I was pointed to John Hunter’s Why we should be using BSD and came to think about how I rather tend to advocate using the GPL license. Richard Stallman makes some very convincing arguments for why GPL is the better choice, but even though I like this reasoning, I do see why choosing a different license may be the right choice.

In this post, I will explain some of the differences between BSD and GPL and hopefully help you to choose for yourself. The target audience for this post are people in the scientific community, but it may also be useful to others.

So how do BSD and GPL differ? Below I have listed what I think is most important, but please remember that I am not a lawyer, and that there are other effects of licensing that may apply to you:

  • BSD is a free-for-all license that only requires attribution. Anyone using your code must give credit to you as the original author. Apart from that, they can do pretty much everything. They can change the code and sell programs based on it without asking you.
  • GPL too requires attribution. However, it also requires anyone distributing software based on your source code to make available any changes they make to it. They can still sell programs based on your code to others without asking, but if they were to do something really smart with your code, you can demand that they share the changes with you. And you too can sell software based on their changes.

Before moving on, I would like to clarify one important thing: Even though you are licensing your code as BSD or GPL, you can still sell software based on your code. You can even sell the rights to use your code with a different license. The licenses only apply to what other people can do with your code. You still keep all other rights.

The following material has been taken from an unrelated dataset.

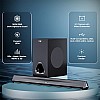 boAt Aavante Bar Rhythm Soundbar with 60W RMS Signature Sound, 2.0 Channel, Multi-Connectivity Modes Carbon Black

In the below table, I have summarized the differences between the licenses by listing a few scenarios. “They” is referring to someone using your code in their own software projects:

BSD GPL
You can sell software based on your own code. ✔   ✔  
They can sell software based on your code. ✔   ✔  
They can make changes to your code. ✔  
They have to give you credit for writing the original code. ✔  
They have to use the same license as you.
You can demand access to the changes they made to your code.
They can sell software based on your code without sharing their changes with you.
You can sell software based on the changes they made to your code. *

*Except if they also use a BSD license for their changes.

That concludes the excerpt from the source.